What is the impact of these limits on the Customer Experience?
My view is that customers will learn very quickly who gets engagement and who doesn’t! If the enterprise says that the @klout social influence score must be above 40 to qualify to receive a treatment how long do you think it will take for the customers to realise this? If customers learn that the more profanity and charging they put into their sentiment the more likely it is they get a response what will be the impact? The big dilemna is the customers themselves are not rate limited on the inbound side.

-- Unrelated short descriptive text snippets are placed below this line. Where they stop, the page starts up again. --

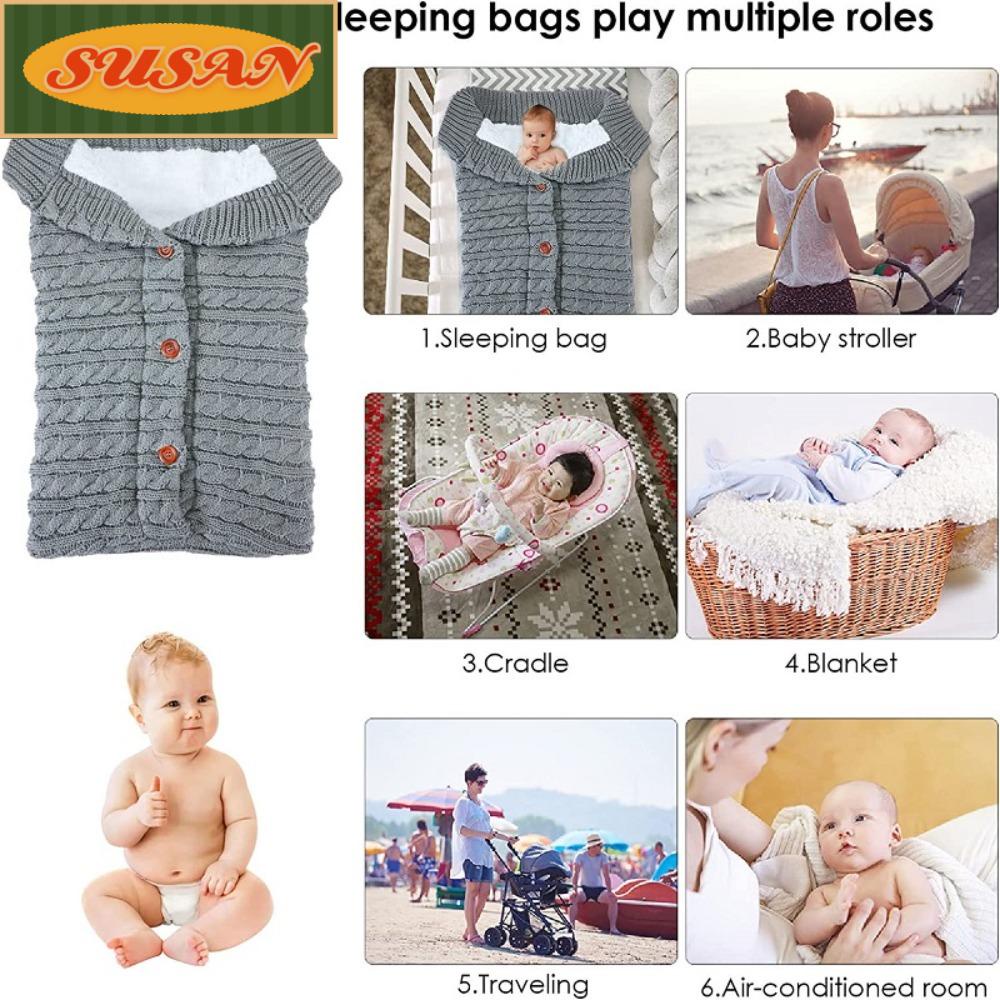 Túi Ngủ Ấm Áp Cho Bé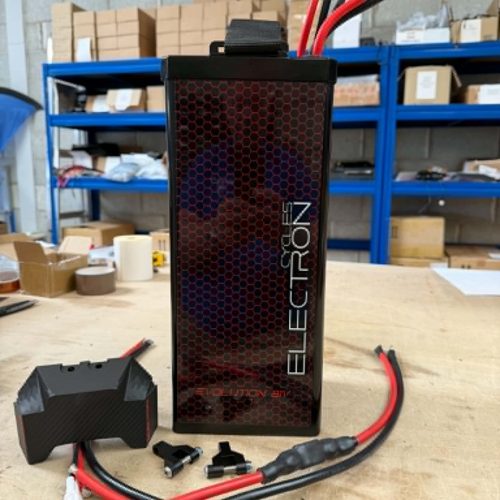 Sur Ron Battery 81v 49.5Kw 50Ah Evolution +Charger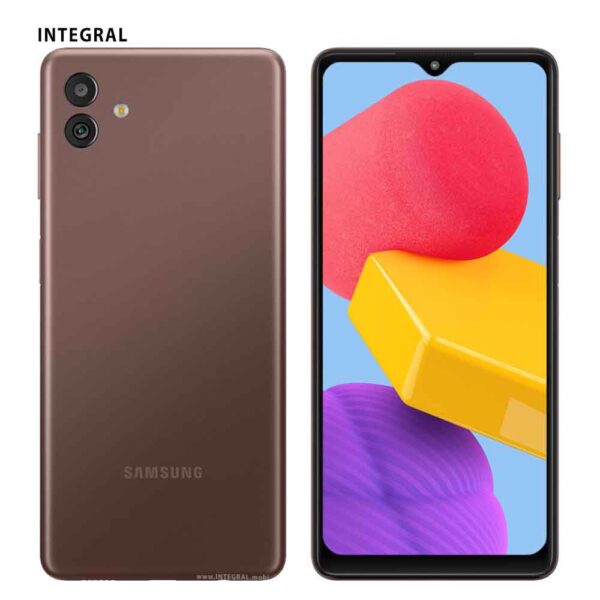 Samsung Galaxy M13 5G Brown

Let’s use @jetblue again for a use-case scenario – we have another Volcanic Ash Cloud sweep its way over North America, effectively grounding the airline. @jetblue has a fleet of 120 A320 aircraft (plus 70 or so smaller ones). Each one of these aircraft can house up to 120 passengers on typical loading. That would be an immediately affected flying audience of 120×120 people. That is 14,400 immediately affected passengers. Let’s assume that only 10% of these passengers are users of Twitter ( a low number, I know – its actually closer to 40% in America, but I’m taking a pessimistic view for illustration purposes). That means that @JetBlue is prone to receiving an immediate flood of customer service enquiries from 1,440 travelling passengers, and hundreds of times more that number of enquiries from passengers indirectly affected by the disruption. This is no small problem to have. Now, if their social media strategy has trained the consumers that they will get a response in social media they have already created a huge problem! I cannot engage with any more than 1000 of them anyway! No number of additional staff manning the social media customer operation will help. I can serve 500 customers a day with 2 tweets each! Is that what Twitter is forcing us to consider? I cannot have a conversation with someone about a customer care situation with 2 x 140 characters! I need more room! I need more tweets! In emergencies, or periods of intense activity even small scale customer service and social media teams (and I’m talking about 3 or 4 people on duty) hit rate limits! What do they do? Down tools and wait for the hour to decay? At tweet 999 of the day, have to tweet “Sorry folks, that our lot for the day!”. This is an incredibly important problem folks! Don’t you agree?
Summary
Perhaps Twitter needs to take a good long hard look at Customer Service and their platform. My customers are buying quickly into the social media and customer service paradigm. Right now, Facebook applies NO LIMITS to how often a brand posts on its wall, or the walls of its followers. Twitter is a NO GO channel for deep customer engagement in customer service. The limits are simply too low for it to work; even with careful tuning and adaptation of the routing strategy. With only a handful of customer services representatives representing the brand in Customer Services dedicated accounts they are being rate limited.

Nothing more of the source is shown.